## INFORMATION GIVEN
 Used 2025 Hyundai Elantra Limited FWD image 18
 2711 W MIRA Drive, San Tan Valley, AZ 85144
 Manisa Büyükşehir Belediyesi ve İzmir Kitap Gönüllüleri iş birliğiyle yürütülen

...

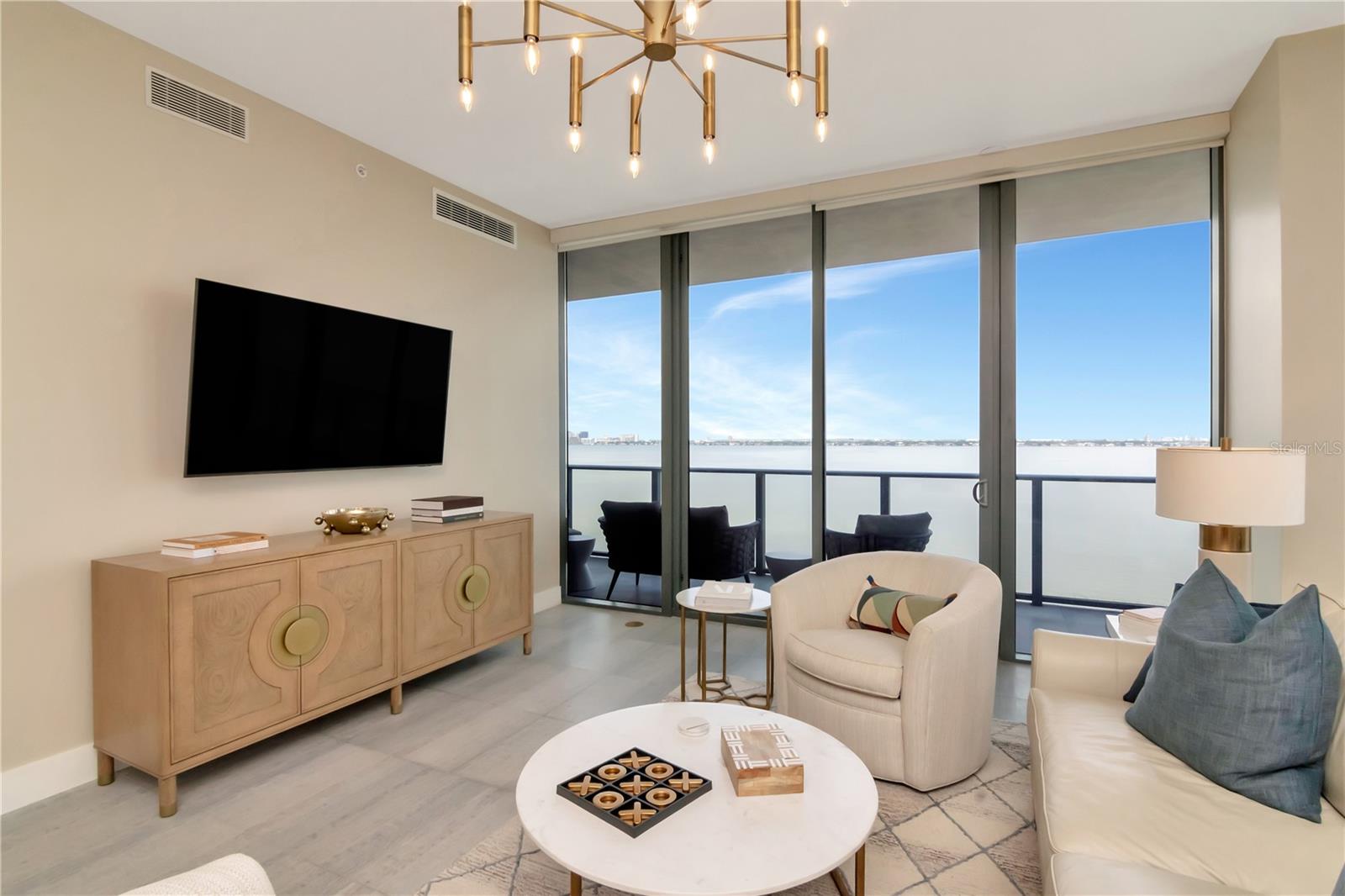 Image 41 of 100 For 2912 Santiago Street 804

## EXERCISE
After locating the line with "Used 2025 Hyundai" above, return that line and every later line through the one with "Manisa Büyükşehir Belediyesi", word for word and with nothing else.

## RESULT
 Used 2025 Hyundai Elantra Limited FWD image 18
 2711 W MIRA Drive, San Tan Valley, AZ 85144
 Manisa Büyükşehir Belediyesi ve İzmir Kitap Gönüllüleri iş birliğiyle yürütülen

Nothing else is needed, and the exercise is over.